Knowledge-Based Systems ( IF 7.2 ) Pub Date : 2019-10-16 , DOI: 10.1016/j.knosys.2019.105118 Jin Xiao , Xu Zhou , Yu Zhong , Ling Xie , Xin Gu , Dunhu Liu
Only a few customers can be labeled in realistic credit-scoring problems, while many other customers cannot. Further, satisfactory performance is difficult, as traditional supervised learning methods can only use labeled samples to build credit-scoring models. Semi-supervised learning (SSL) can use both labeled and unlabeled samples to solve this problem, but existing credit-scoring research has primarily constructed single semi-supervised models. This study introduces SSL, cost-sensitive learning, a group method of data handling (GMDH), and an ensemble learning technique to propose a GMDH-based cost-sensitive semi-supervised selective ensemble (GCSSE) model. This involves two stages: (1)First, train an ensemble model composed of base classifiers on the initial training set with class labels, use it to selectively label the samples from the dataset without class labels, add them with their predicted labels to the training set, and update the base classifiers on the new training set; (2)Second, classify and the test set using the respective trained base classifiers, and construct a cost-sensitive GMDH neural network to obtain the selective ensemble classification results for the test set.

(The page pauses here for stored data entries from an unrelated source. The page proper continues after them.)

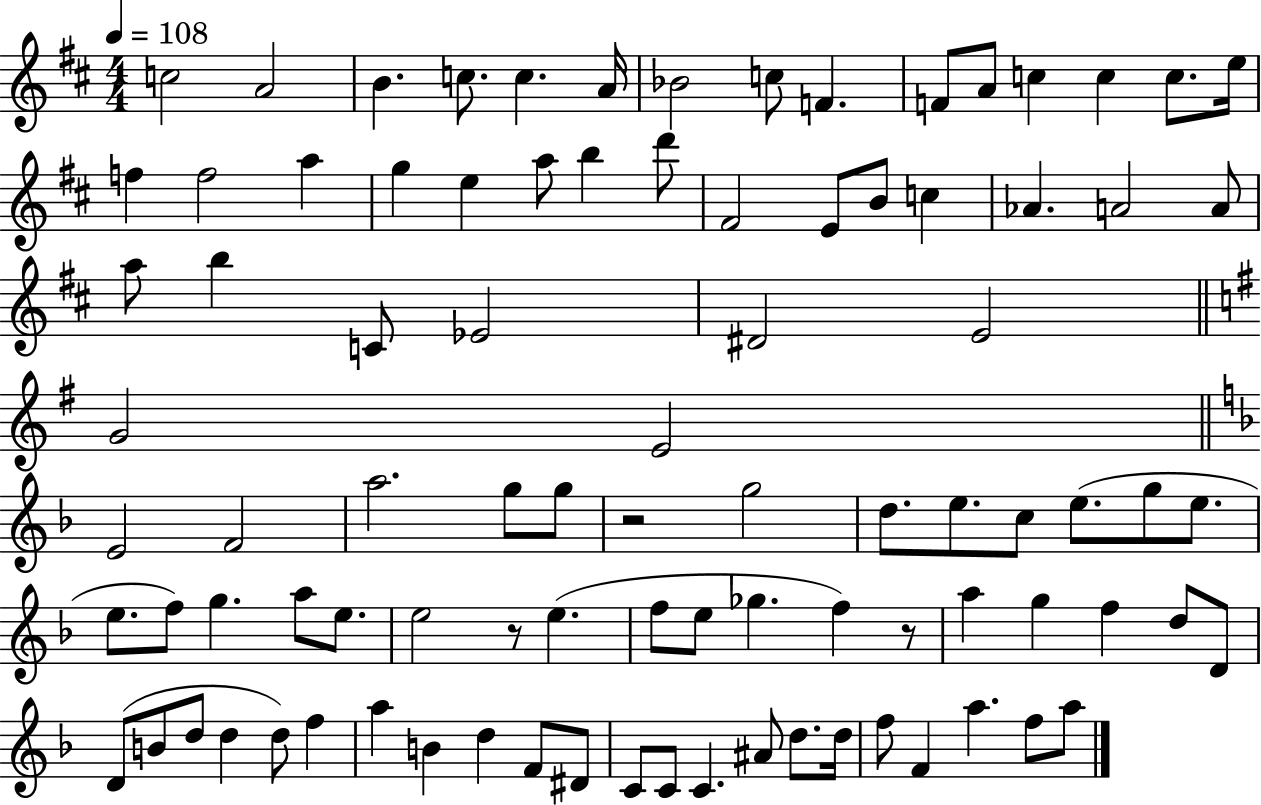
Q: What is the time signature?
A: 4/4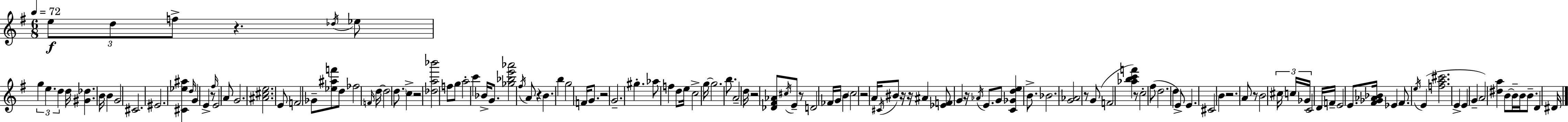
{
  \clef treble
  \numericTimeSignature
  \time 6/8
  \key e \minor
  \tempo 4 = 72
  \tuplet 3/2 { e''8\f d''8 f''8-> } r4. | \acciaccatura { des''16 } ees''8 \tuplet 3/2 { g''4 e''4. | d''4 } d''16 <gis' des''>4. | b'16 b'4 g'2 | \break cis'2. | eis'2. | <cis' ees'' ais''>4 \grace { d''16 } g'4 e'4-> | r8 \grace { fis''16 } e'2 | \break a'8 g'2. | <ais' cis'' e''>2. | e'8 f'2 | ges'8-- <ees'' ais'' f'''>8 d''8 fes''2 | \break \grace { f'16 } d''16~~ d''2 | \parenthesize d''8. c''4-> r2 | <des'' a'' bes'''>2 | f''8 g''8 a''2-. | \break c'''4 bes'16-> g'8. <ges'' bes'' e''' aes'''>2 | \acciaccatura { fis''16 } a'8 r4 b'4. | b''4 g''2 | f'16 g'8. r2 | \break g'2.-- | gis''4.-. aes''8 | f''4 d''8 e''16 c''2-> | g''16~~ g''2. | \break b''8. a'2-- | d''16 r2 | <des' fis' aes'>8 \acciaccatura { cis''16 } e'8-- r8 d'2 | fes'16 g'16 b'4 \parenthesize c''2 | \break r2 | a'16 \acciaccatura { cis'16 } bis'8 r16 r16 ais'4 | <ees' f'>8 g'4 r16 \acciaccatura { aes'16 } e'8. g'8 | <c' ges' d'' e''>4 b'8.-> bes'2. | \break <g' aes'>2 | r8 g'8( f'2 | <aes'' b'' c''' f'''>4) r8 c''2-. | fis''8( d''2. | \break d''4 | e'8->) e'4. cis'2 | b'4 r2. | a'8 r8 | \break b'2 \tuplet 3/2 { cis''16 c''16 ges'16 } c'2 | d'16 f'16-- e'2 | e'8. <fis' ges' aes' bes'>16 ees'4 | fis'8. \acciaccatura { e''16 } e'4( <f'' a'' cis'''>2. | \break e'4-> | e'4 g'4-- a'2) | <dis'' a''>4 b'8~~ b'16-- | b'16 b'8.-- d'4 dis'16 \bar "|."
}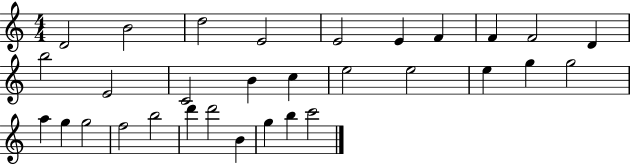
{
  \clef treble
  \numericTimeSignature
  \time 4/4
  \key c \major
  d'2 b'2 | d''2 e'2 | e'2 e'4 f'4 | f'4 f'2 d'4 | \break b''2 e'2 | c'2 b'4 c''4 | e''2 e''2 | e''4 g''4 g''2 | \break a''4 g''4 g''2 | f''2 b''2 | d'''4 d'''2 b'4 | g''4 b''4 c'''2 | \break \bar "|."
}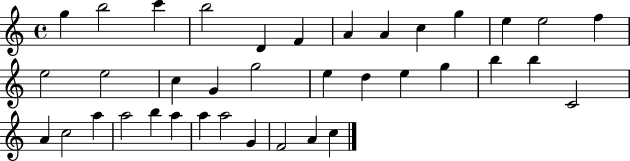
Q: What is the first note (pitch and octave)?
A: G5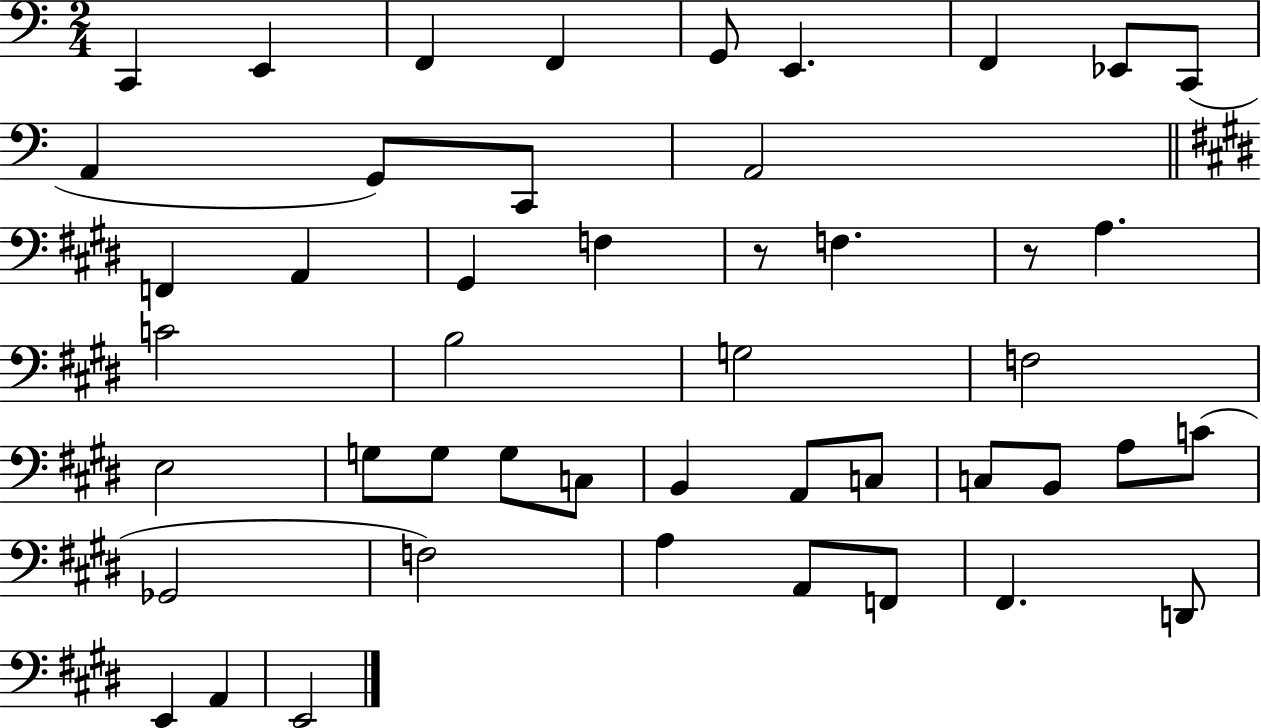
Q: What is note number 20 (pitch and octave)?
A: C4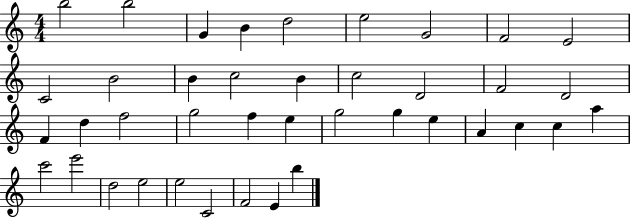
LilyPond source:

{
  \clef treble
  \numericTimeSignature
  \time 4/4
  \key c \major
  b''2 b''2 | g'4 b'4 d''2 | e''2 g'2 | f'2 e'2 | \break c'2 b'2 | b'4 c''2 b'4 | c''2 d'2 | f'2 d'2 | \break f'4 d''4 f''2 | g''2 f''4 e''4 | g''2 g''4 e''4 | a'4 c''4 c''4 a''4 | \break c'''2 e'''2 | d''2 e''2 | e''2 c'2 | f'2 e'4 b''4 | \break \bar "|."
}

Experimental comparisons of five public customer credit score datasets and an empirical analysis of a real customer credit score dataset suggest that this model exhibits the best overall credit-scoring performance compared with one supervised ensemble model and three semi-supervised ensemble models.
中文翻译:
成本敏感的半监督选择性集成模型用于客户信用评分
在现实的信用评分问题中,只有少数客户可以被标记,而其他许多客户则不能。此外,由于传统的监督学习方法只能使用标记的样本来建立信用评分模型,因此很难获得令人满意的性能。半监督学习(SSL)可以使用标记的样本和未标记的样本来解决此问题,但是现有的信用评分研究主要构建了单个半监督模型。本研究介绍了SSL,成本敏感型学习,数据处理的分组方法(GMDH)和集成学习技术,以提出基于GMDH的成本敏感型半监督选择性集成(GCSSE)模型。这涉及两个阶段:(1)首先,训练由 基于初始训练集的分类器 使用类别标签,使用它来选择性地标记数据集中的样本 没有班级标签的人,请将其带有预测标签的人添加到训练集中,然后更新 基于新训练集的分类器;(2)第二,分类并使用各自训练有素的基本分类器对测试集进行分类,并构建一个成本敏感的GMDH神经网络,以获得测试集的选择性整体分类结果。对五个公共客户信用评分数据集进行的实验比较和对真实客户信用评分数据集的经验分析表明,与一个监督集成模型和三个半监督集成模型相比,该模型展现出最佳的总体信用评分性能。